What is required: What you give must be the lines from the one containing "Dekalb DKC4943 kukorica" through the last line of the listing below, exactly, with nothing else and no pictures.

++++++++++++++++++++

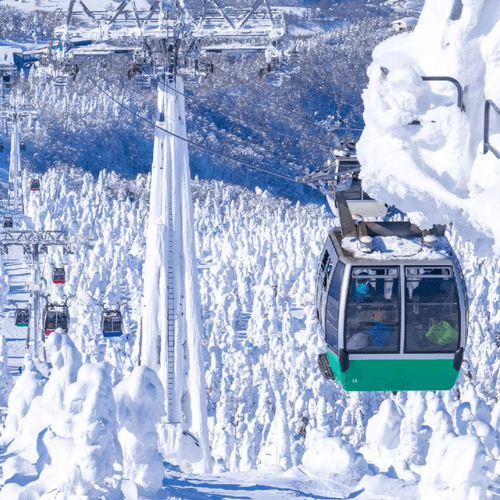 【東京樹冰五日遊】夢幻雪景|老孩子旅遊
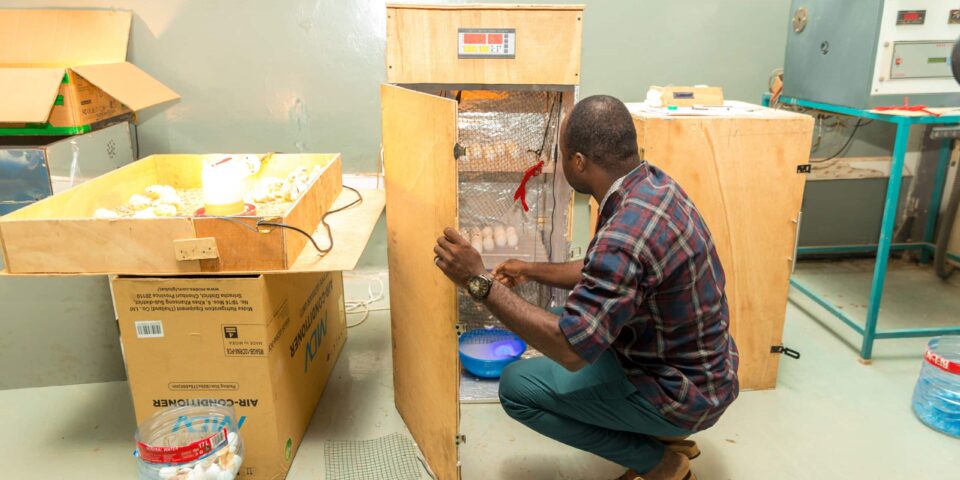 Academic City University students demonstrating a low-cost poultry incubator for local farming and food security in Ghana.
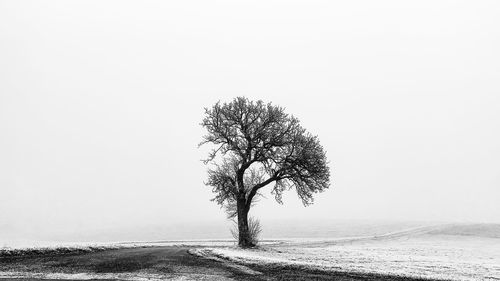 Tree on field against clear sky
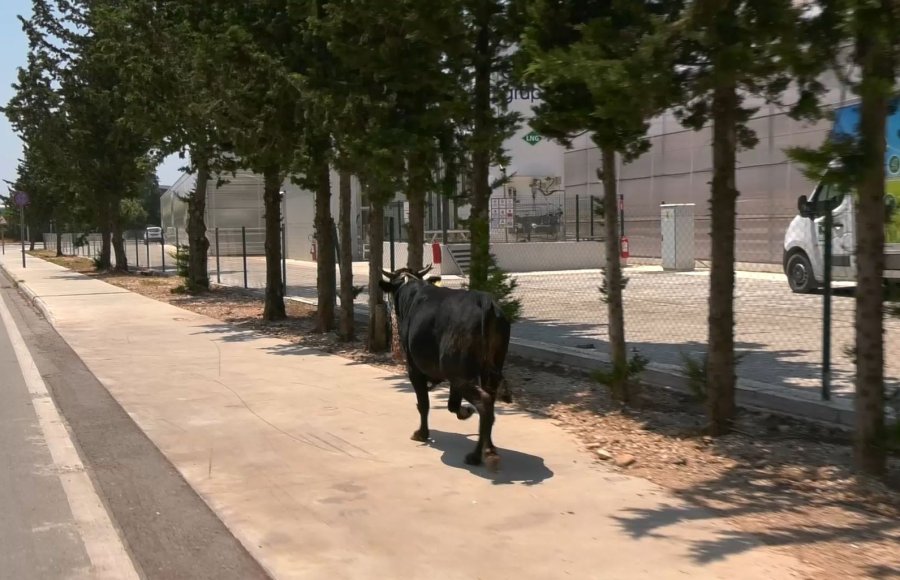 Antalya’da Ekiplerin Kaçan Danayla Mücadelesi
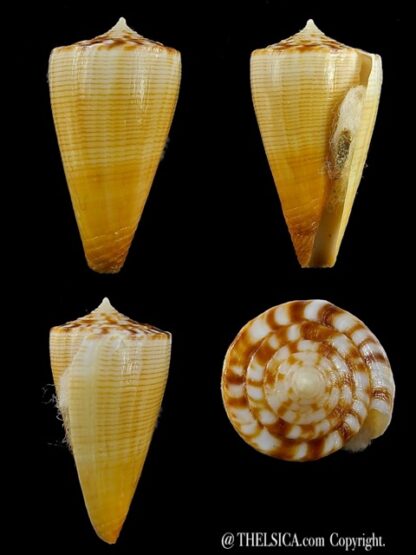 Conus reductaspiralis 28,4 mm Gem-0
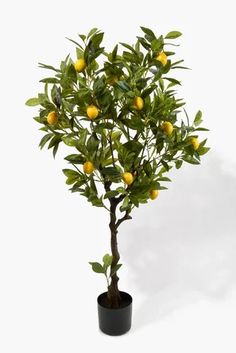 an orange tree in a black pot on a white background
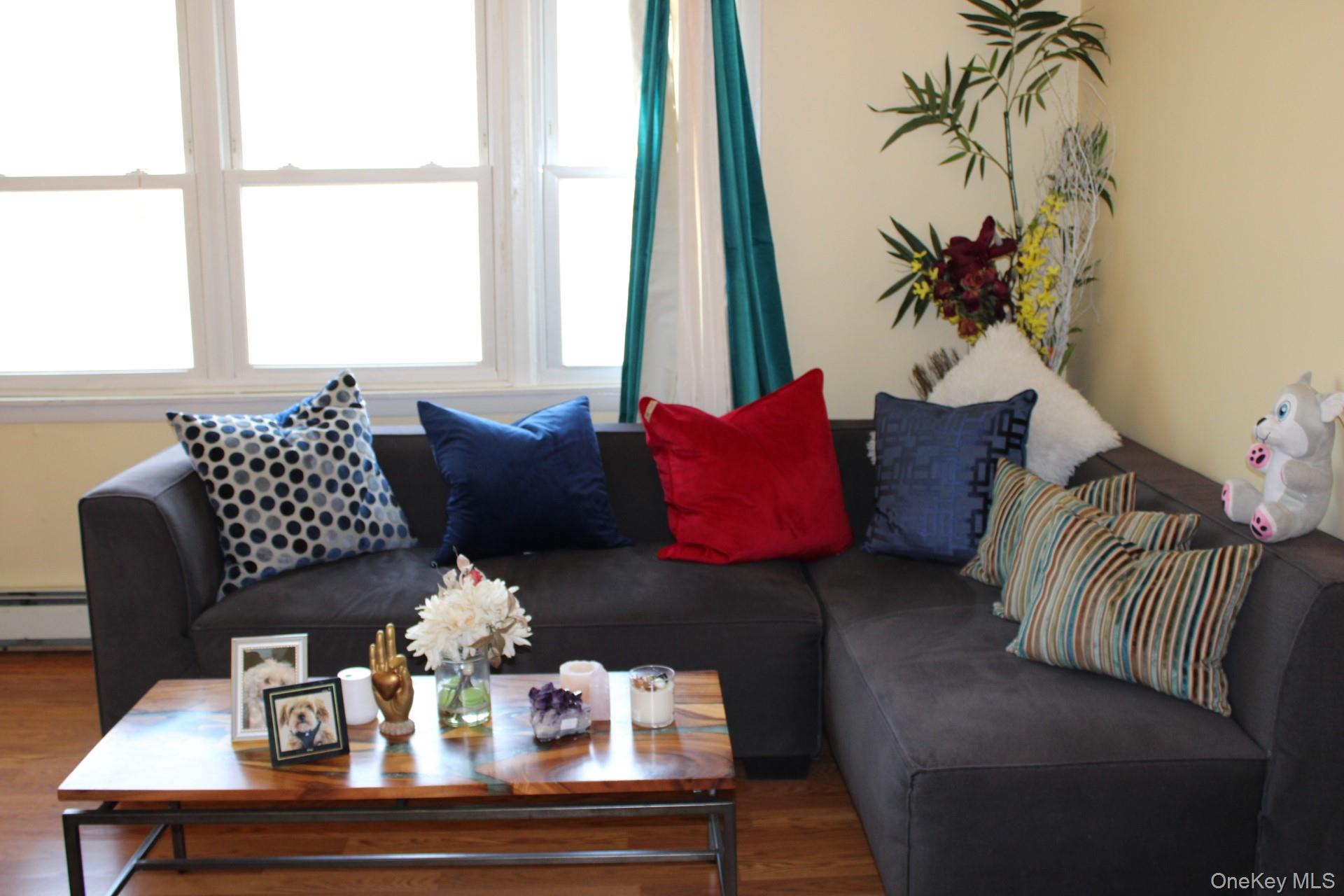 Living room with a baseboard radiator and wood finished floors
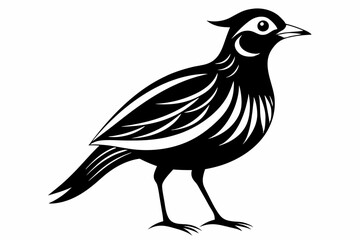 skylark silhouette line art vector illustration with a white background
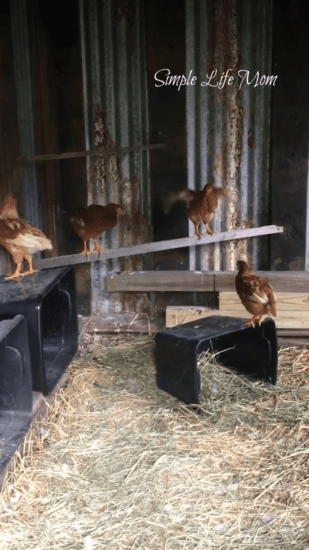 How to Start Raising Chickens in Your Back Yard - Simple Life Mom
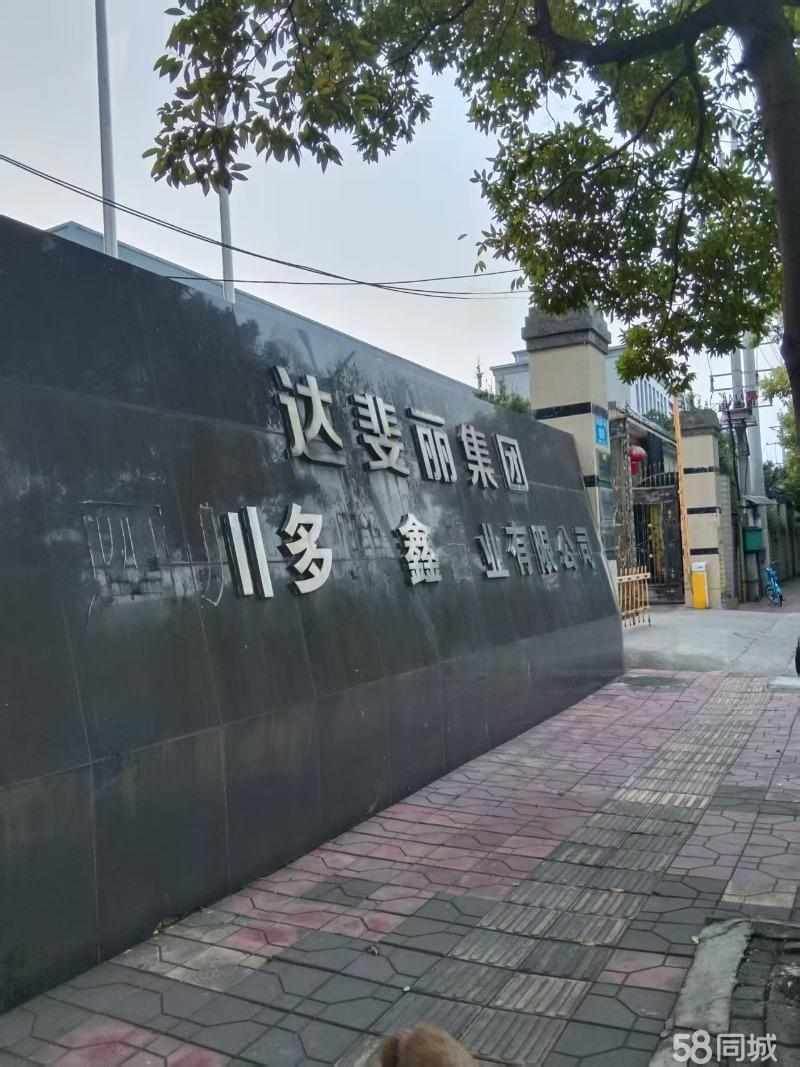 厂房实景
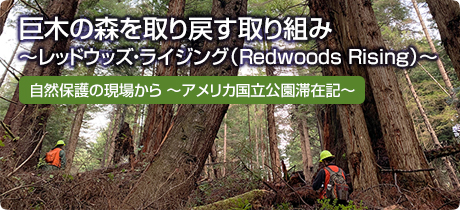 [自然保護の現場から　～アメリカ国立公園滞在記～ 006]巨木の森を取り戻す取り組み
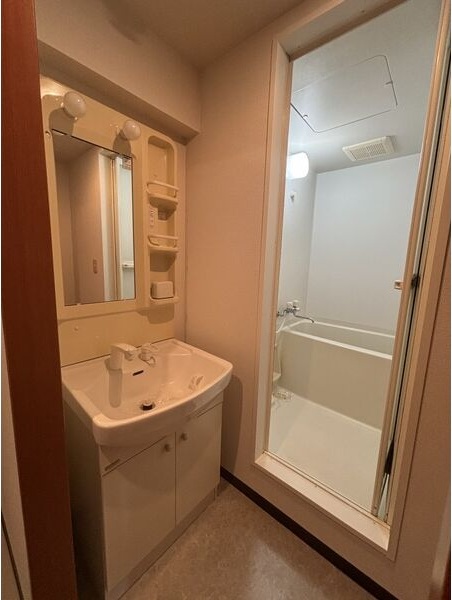 洗面設備　シャワードレッサー付きです！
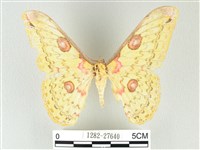 藏品(黃豹天蠶蛾)的圖片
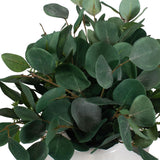 Essence Eucalyptus Accent, Gloss White-Accessories-High Fashion Home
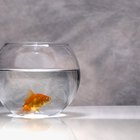 Um peixe-dourado pode viver em uma bacia sem filtro?
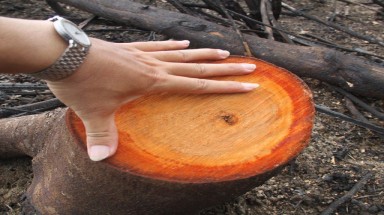  Phá rừng ào ào không có nguyên tắc gì cả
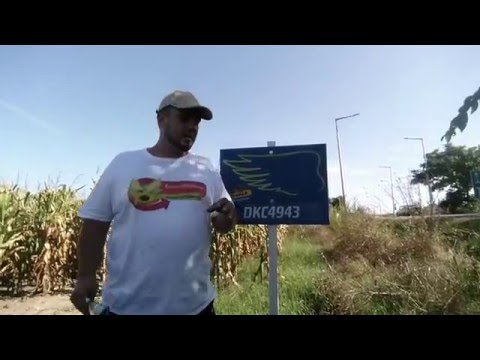 Dekalb DKC4943 kukorica vetőmag KukoricaVetőmag.hu Kft. 2015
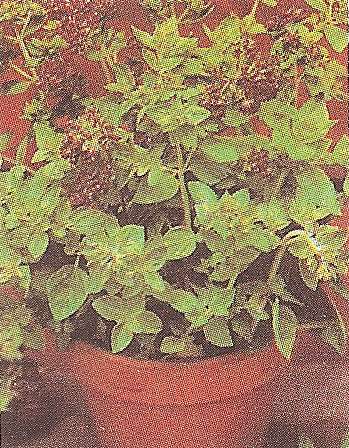 MAGGIORANA NR.1000 SEMI - Foto 2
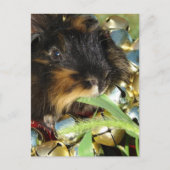 Schattig prettig kerst cavia briefkaart (Voorkant)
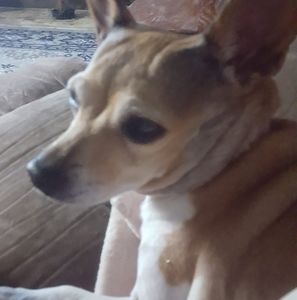 Meet your Posher, Vicki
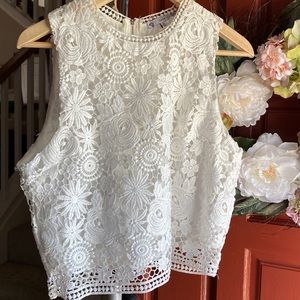 2 items for one price. Iris lace top with S.O.N.G curvy midrise shorts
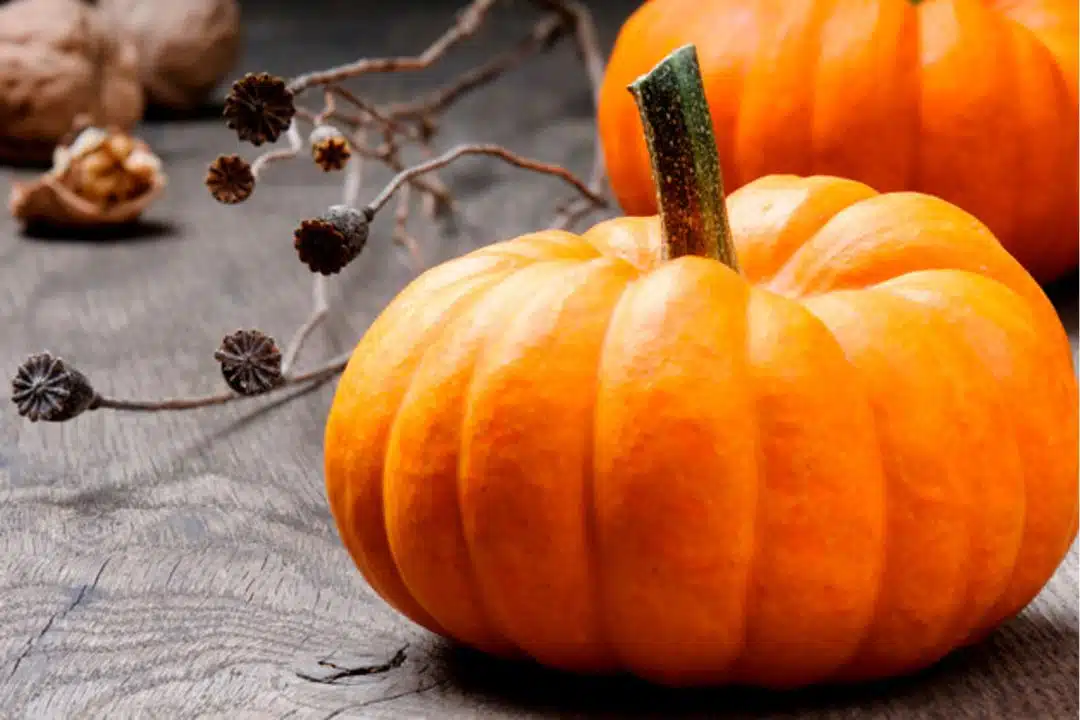 Pumpkin Tips for Preparation & Cooking: A Guide for Home Cooks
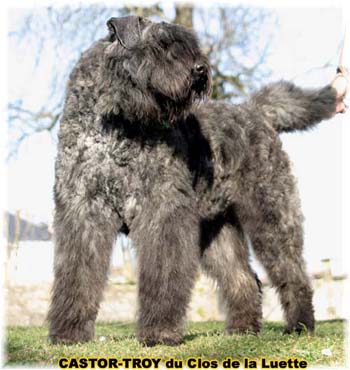 BOUVIER DES FLANDRES ET TRAVAIL du Clos de la Luette Copyright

++++++++++++++++++++

Reply to the task:
 Dekalb DKC4943 kukorica vetőmag KukoricaVetőmag.hu Kft. 2015
 MAGGIORANA NR.1000 SEMI - Foto 2
 Schattig prettig kerst cavia briefkaart (Voorkant)
 Meet your Posher, Vicki
 2 items for one price. Iris lace top with S.O.N.G curvy midrise shorts
 Pumpkin Tips for Preparation & Cooking: A Guide for Home Cooks
 BOUVIER DES FLANDRES ET TRAVAIL du Clos de la Luette Copyright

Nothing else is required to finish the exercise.